Aim 1 : Characterize the glucose homeostasis of a beta cell-specific knockout mouse of this ER resident protein with a focus on the unfolded protein response. Because of a potential role in ER stress in other tissues, we hypothesize that loss of this gene in the beta cell will result in ER stress and beta cell death, resulting in diabetes. We will perform glucose tolerance testing of these mice with concomitant measurement of basal and stimulated plasma insulin levels. We will study insulin secretion by islet perifusion. We will measure beta cell mass using a novel digital PCR assay and beta cell death using immunostaining. Finally, we will measure markers of the unfolded protein response.
Aim 2 : Characterize the glucose homeostasis of a beta cell-specific GPCR knockout mouse with a focus on insulin secretion. Given the G?q coupling of this GPCR and the known role of G?q in insulin secretion, we hypothesize the major defect in these beta cell specific knockouts will be in insulin secretion. We will also ask if a natural ligand of this GPCR, which appears to be normally expressed in the islet, can stimulate insulin secretion. The expected outcomes of this R03 proposal will be the identification of two new targets for diabetes therapeutics aimed at improving pancreatic beta cell function. This grant will also allow us to develop a pipeline to study additional IDG genes in vivo in the beta cell as the collection of IDG knockout mice expands.

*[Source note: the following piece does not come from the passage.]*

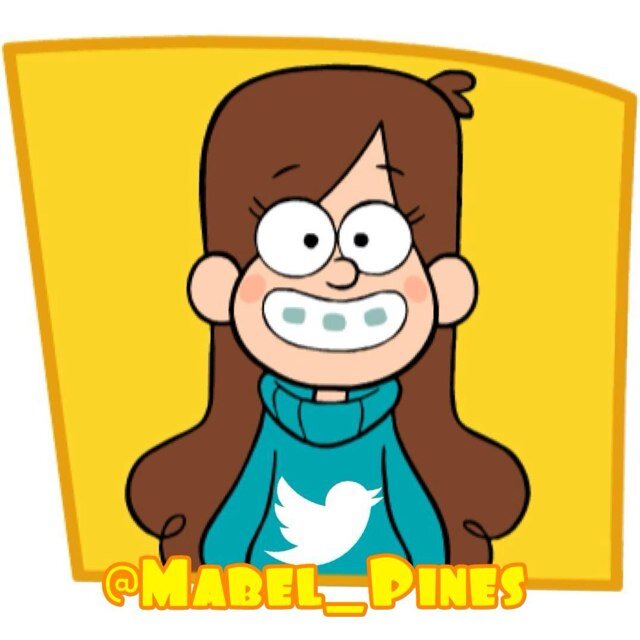 Twin sister of @Dipper_Pines, lover of mystery, silliness, and knitting sweaters! I'm spending my summer vacation here at Gravity Falls!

Type 2 diabetes is reaching pandemic status and new treatments are needed that will change disease progression. In this grant, we propose to study two Illuminating the Druggable Genome Consortium-eligible targets in the pancreatic beta cell, the only cell that produces physiologically relevant amounts of insulin. We hope that these studies will provide new therapeutic opportunities to treat type 2 diabetes.